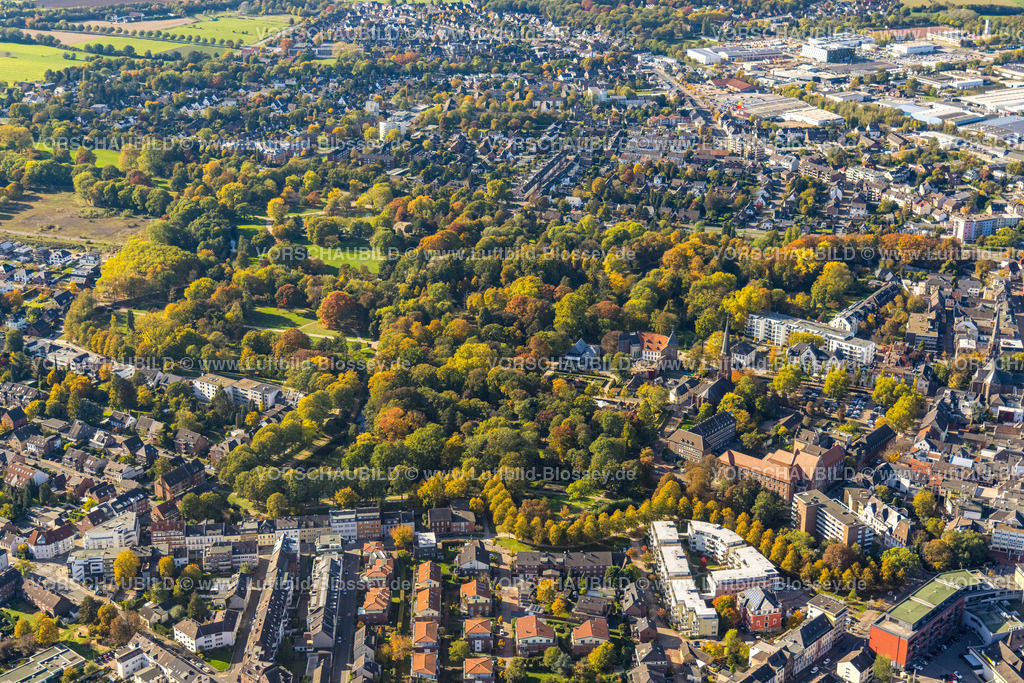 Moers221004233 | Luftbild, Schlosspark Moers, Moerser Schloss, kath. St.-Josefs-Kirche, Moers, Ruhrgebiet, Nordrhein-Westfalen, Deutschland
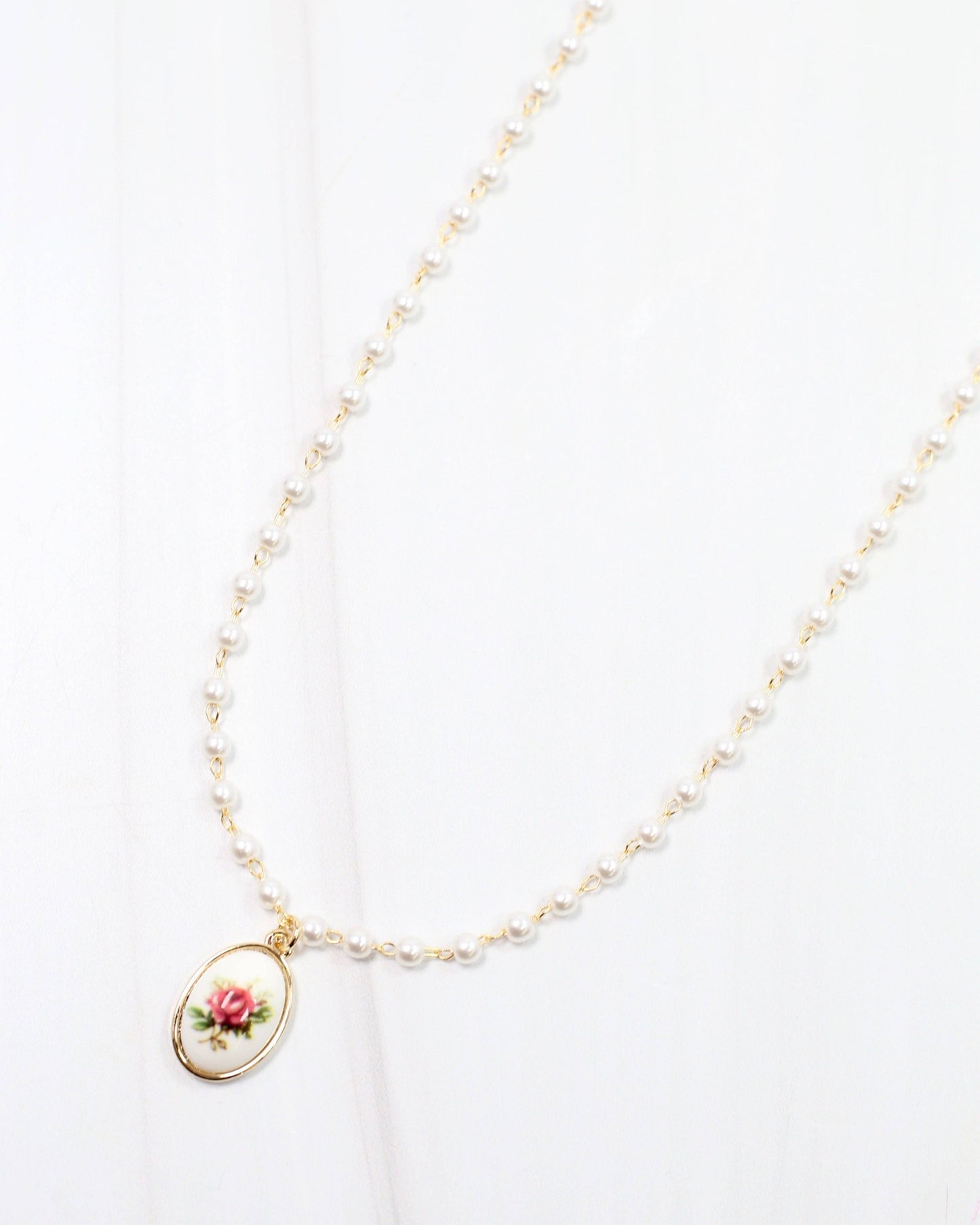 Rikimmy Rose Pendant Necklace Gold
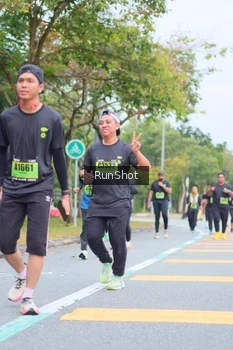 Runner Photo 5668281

==*==

## The task:
Repeat the listing word for word, and skip every picture it contains.

## Solution to the exercise:
 Moers221004233 | Luftbild, Schlosspark Moers, Moerser Schloss, kath. St.-Josefs-Kirche, Moers, Ruhrgebiet, Nordrhein-Westfalen, Deutschland
 Rikimmy Rose Pendant Necklace Gold
 Runner Photo 5668281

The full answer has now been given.